Data extract -
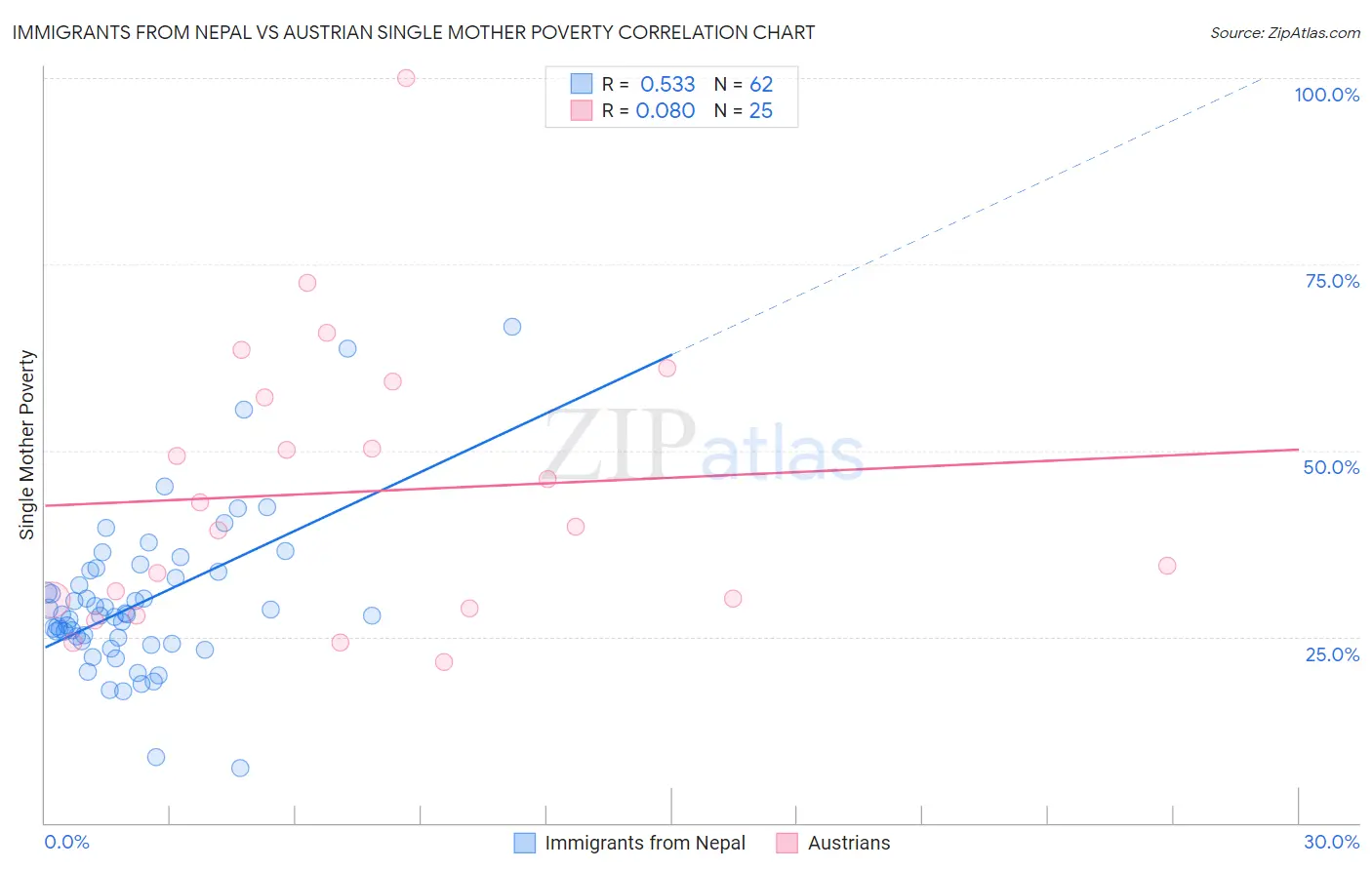 Immigrants from Nepal vs Austrian Single Mother Poverty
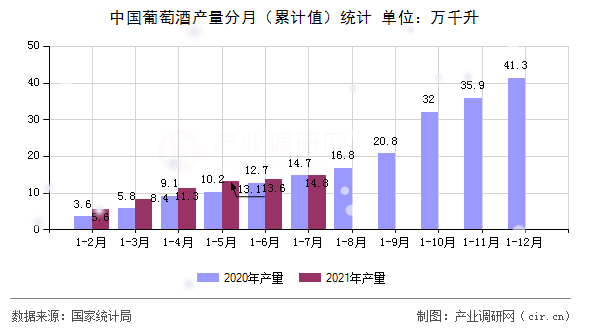 中國葡萄酒產(chǎn)量分月（累計值）統(tǒng)計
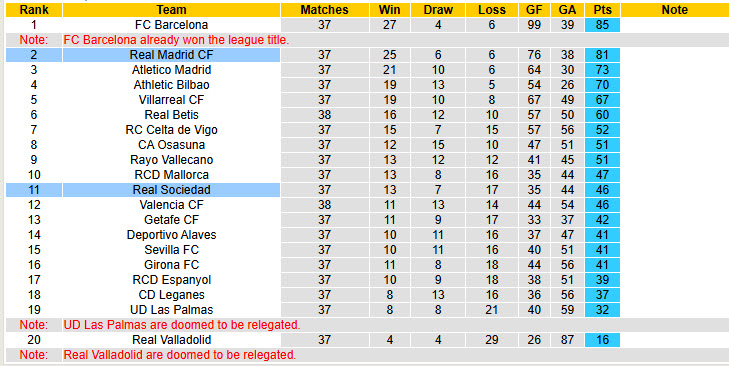 Soi kèo góc Real Madrid vs Real Sociedad, 21h15 ngày 24/5 - Ảnh 5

Problem to work on - Each line above should be set down exactly as written, with pictures excluded.

Solution to this task -
 Immigrants from Nepal vs Austrian Single Mother Poverty
 中國葡萄酒產(chǎn)量分月（累計值）統(tǒng)計
 Soi kèo góc Real Madrid vs Real Sociedad, 21h15 ngày 24/5 - Ảnh 5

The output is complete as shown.